I've been through a few fiscal year end closeouts and one thing is constant: those who have their projects ready to execute get the money first. Planning for the next end of the fiscal year should begin shortly after the previous one concludes. If an organization cannot quickly answer the question, "where can I spend the next dollar I receive," they will quickly fall prey to an organization that can. Without the assistance of a crystal ball, it's difficult to predict when the next quick-turn funding tasking, quality of life initiative or commanders' reserve call will pop up. Organizations that are prepared to consistently provide the best justification backed by the best data will consistently walk away the winner.

According to Sir Isaac Newton's third law of motion, for every action there is an equal and opposite reaction. This is remarkably applicable to financial leadership. An organization is expected to accomplish its mission with its allocated resources, and leaders seldom have enough manpower, time or money to accomplish their mission. As a result, operating within a finite budget becomes a balancing act. Taking on new projects often results in pulling funds from other projects.

The success of an organization's ability to accomplish its mission often comes down to the ability of leaders at all levels to effectively balance the organization's shortfalls. Developing a comprehensive multi-year plan for improving the organization is critical. This includes a prioritized list of requirements that can be accomplished today and those that will be accomplished in the future. Remember that a vision without resources is an illusion, but strong leadership can turn the illusion into reality.
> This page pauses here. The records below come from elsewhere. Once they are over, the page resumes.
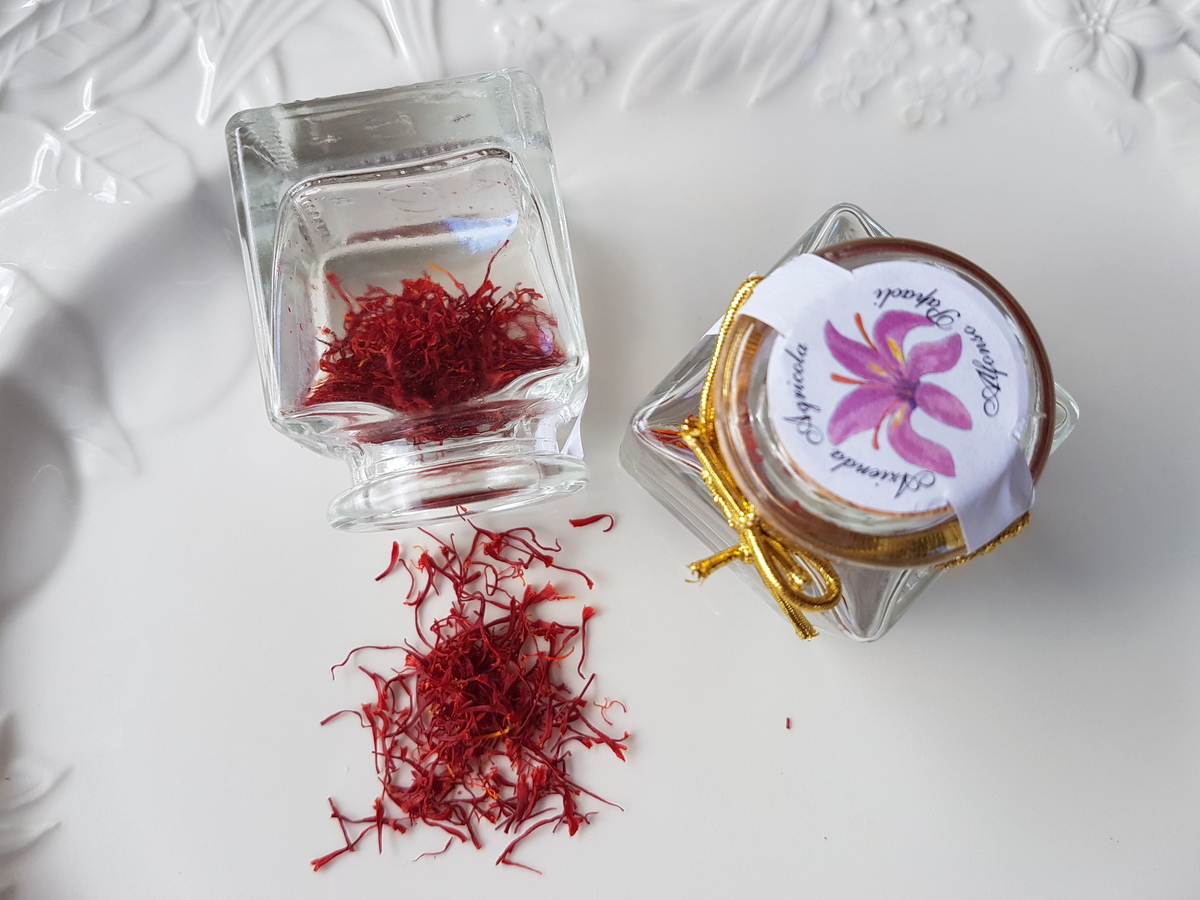 Saffron threads from Navelli, Abruzzo on white plate.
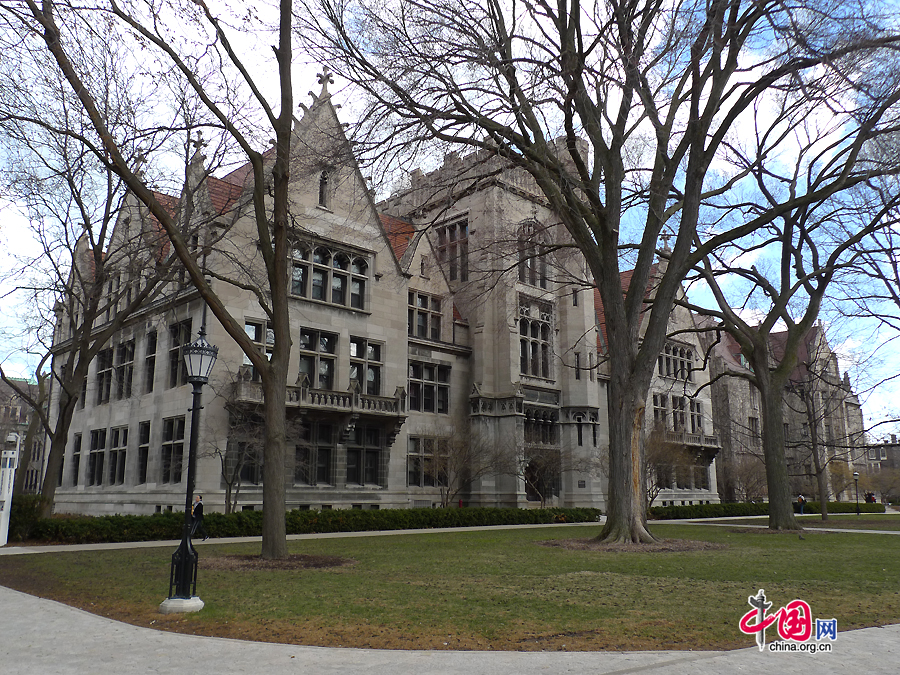 A view of the campus of the University of Chicago, a private research university in Illinois, US. It has a reputation of devotion to academic scholarship and intellectualism and is affiliated with scores of Rhodes Scholars and 85 Nobel Prize laureates. [Photo by Xu Lin / China.org.cn]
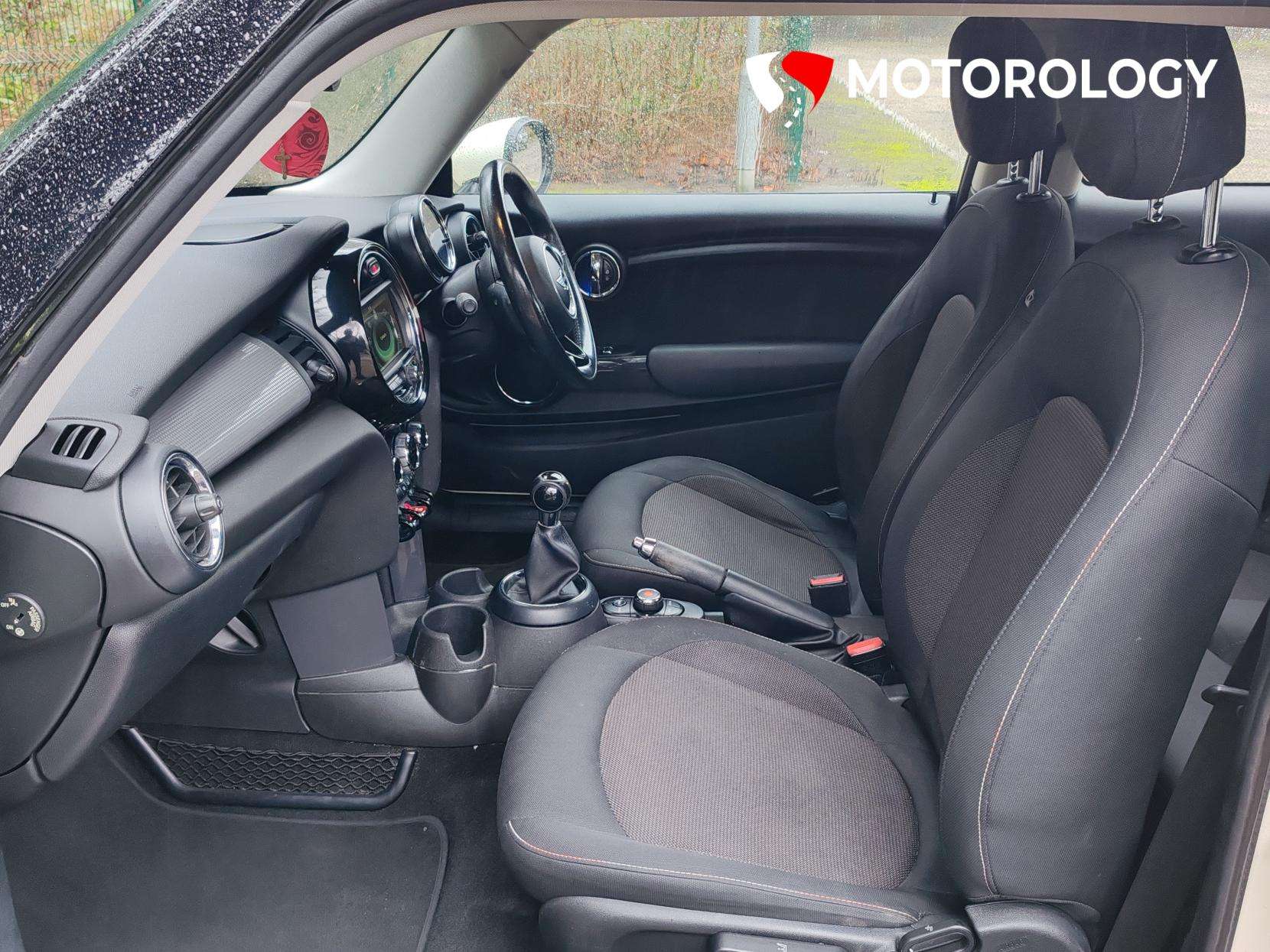 2015 MINI HATCH 2015 MINI HATCH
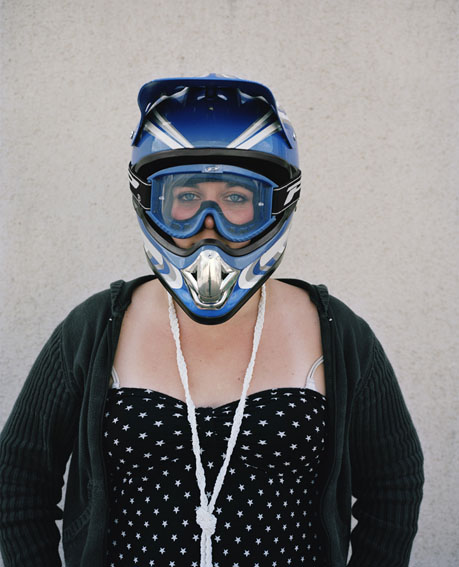 05 Jeune fille casque╠üe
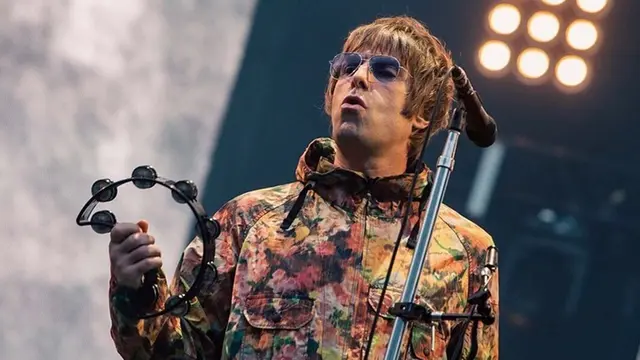 Gaya Liam Gallagher saat Di Atas Panggung, Curi Perhatian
The vast majority of choices that get people in trouble include alcohol, drugs, sex and of course money. There are countless examples of people in the Department of Defense who have sacrificed integrity for personal gain or have simply made uninformed choices. As members of the armed forces, we are all stewards of the taxpayer's dollars and ultimately their trust.

The key to retaining this trust is ensuring we all put forth an honest effort to do what is right. Our actions should be transparent and credible. In short, if the results of our decisions end up on the front page of newspapers, could we defend them in good conscience? When you see people heading down the wrong path, correct them and hold them accountable. If that person is you, remember Airmen will not trust a leader who does not consider himself accountable for his own actions.

Budgetary constraints, manpower reductions, and doing more with less are now a routine part of the way we do business. As we head toward leaner times, the immortal words of Winston Churchill have never rung truer, "we are out of money, now we have to think."

The Air Force has managed to get through every fiscal year since 1947, and I have a good feeling we'll make it again this year. However, through all the uncertainty, one thing remains constant ... strong leadership is money in the bank.